**WHAT YOU HAVE TO DO:**
Where a picture appears in the data below, exclude it; restate everything else word for word.

**DATA EXTRACT:**
-------

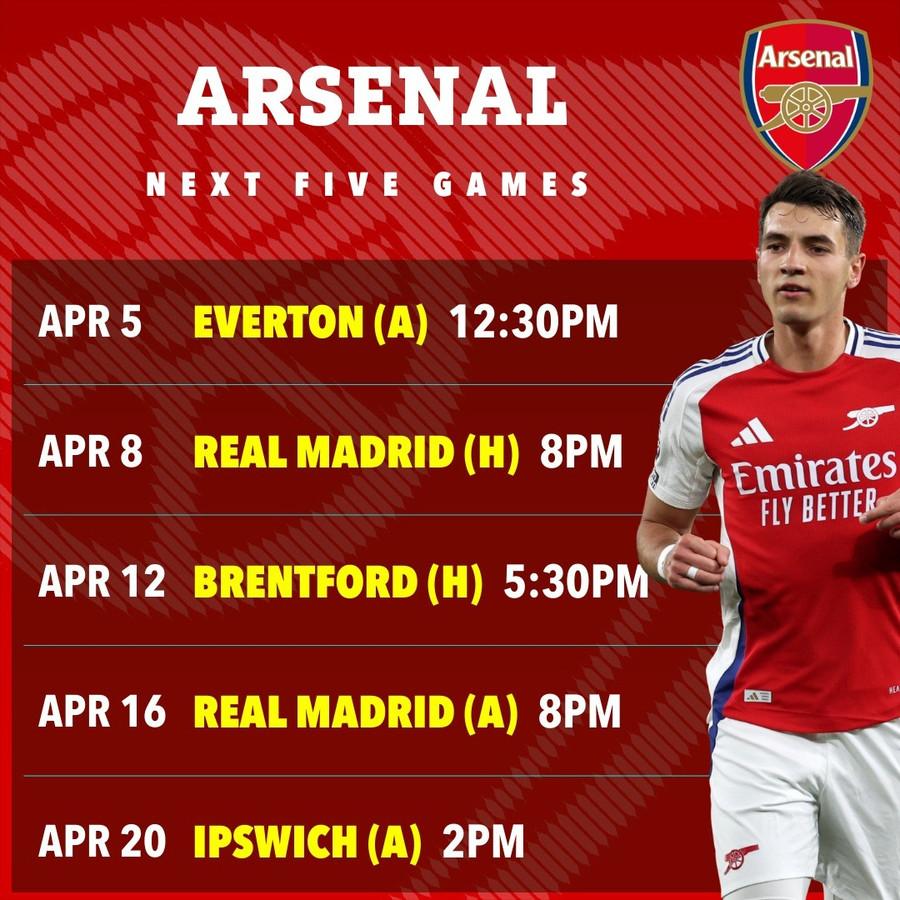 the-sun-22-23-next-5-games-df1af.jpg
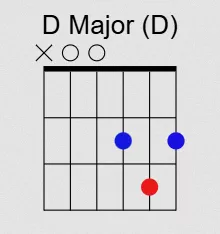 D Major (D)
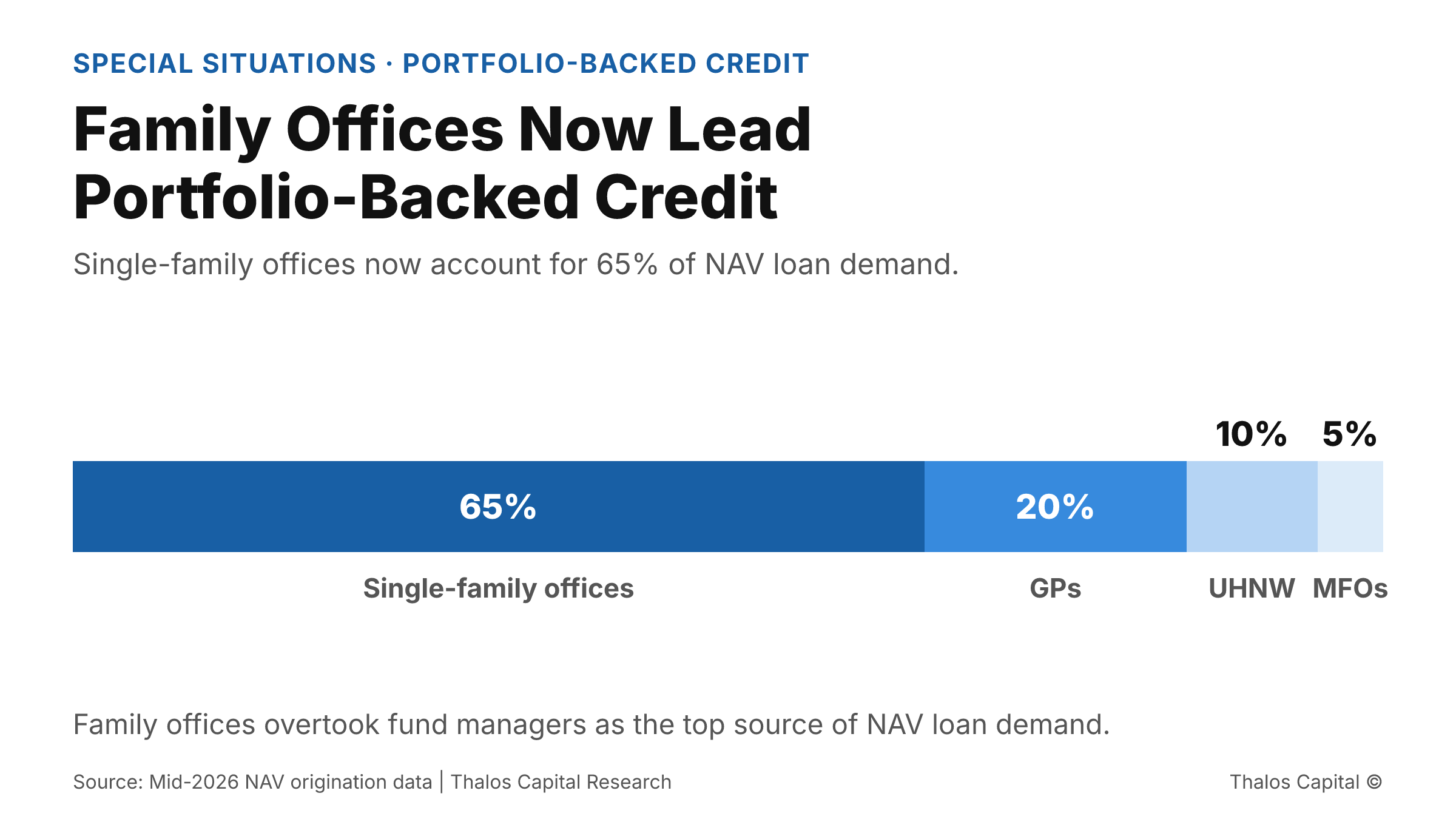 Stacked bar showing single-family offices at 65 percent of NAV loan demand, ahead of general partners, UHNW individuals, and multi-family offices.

-------

**TASK SOLUTION:**
 the-sun-22-23-next-5-games-df1af.jpg
 D Major (D)
 Stacked bar showing single-family offices at 65 percent of NAV loan demand, ahead of general partners, UHNW individuals, and multi-family offices.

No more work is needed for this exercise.